Distribution of $Y$ if $Y=\dfrac1X$ and $F_X(x) = \left(1 - \frac1x\right)\mathsf1_{[1,\infty)}(x)$ Let $X$ be a random variable with cumulative distribution function
$$F_X(x) = \left(1 - \frac1x\right)\mathsf1_{[1,\infty)}(x).$$
Let $Y=\dfrac1X$. What is the distribution of $Y$?
 A: First, observe that $1<x<\infty$ implies that $0<\frac1x<1$, so $\mathbb P(Y\in(0,1))=1$. Now for $0<y<1$ we compute
\begin{align}
F_Y(y)&=\mathbb P(Y\leqslant y)\\
&= \mathbb P\left(\frac1X\leqslant y\right)\\
&= \mathbb P\left(X\geqslant \frac 1y\right)\\
&= 1 - \mathbb P\left(X\leqslant \frac1y\right)\\
&= 1 - F_X\left(\frac1y\right)\\
&= (1 - (1 - y))\mathsf 1_{(0,1)}(y)\\
&= y\mathsf 1_{(0,1)}(y).
\end{align}
It follows that $Y$ is uniformly distributed over $(0,1)$. Since $F_Y$ is absolutely continuous, it is differentiable a.e. and $F_Y'$ is the probability density function of $Y$:
$$f_Y(y) = \frac{\mathsf d}{\mathsf d y} F_Y(y) = \mathsf 1_{(0,1)}(y)$$
(where $\mathsf 1_A$ denotes the indicator function of a set $A$).
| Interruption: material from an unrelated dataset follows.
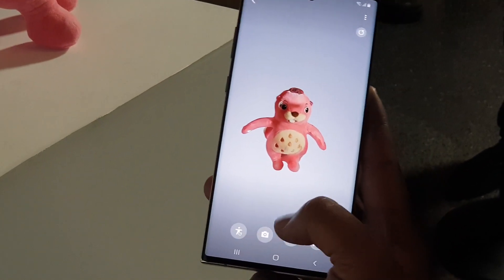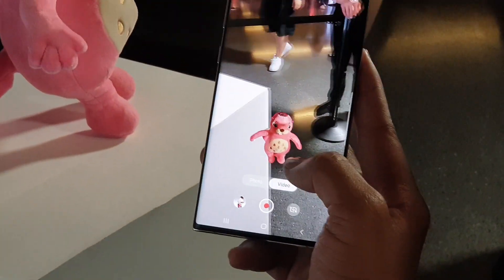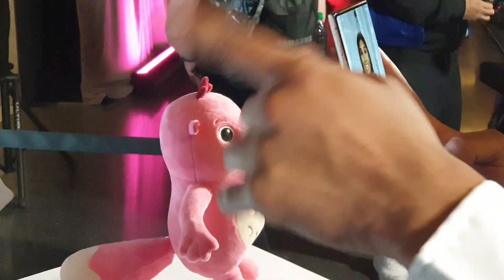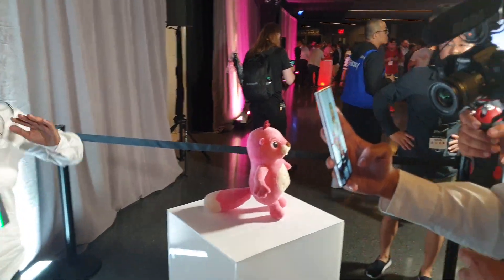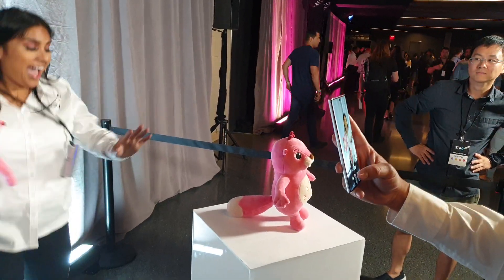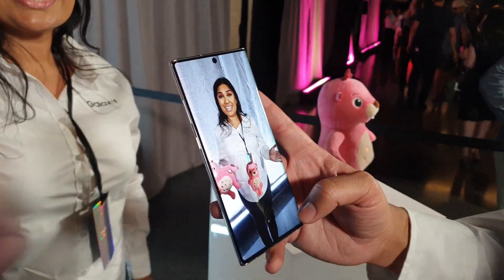I'm gonna select the camera button. And then here we have Bobby ready for a picture or a video. For example, I want you guys to see how he reacts. I'm gonna record her. After recording her, she moves a little dance right here. And then once you have that set up, you basically have your animated video with your 3D figure.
Recall that any random variable $W$ has a cumulative distribution function $F_W:\mathbb R\to[0,1]$ defined by $F_W(w) = \mathbb P(W\leqslant w)$. When $W$ is a continuous random variable, it has a probability density function, that is, a function $f_W$ which satisfies $F_W' = f_W$ and for $w\in\mathbb R$,
$$F_W(w) = \int_{-\infty}^w f_W(t)\ \mathsf dt. $$
The distribution function and the density are two different (but related) things. Note that not all random variables are continuous, so they may not have a density.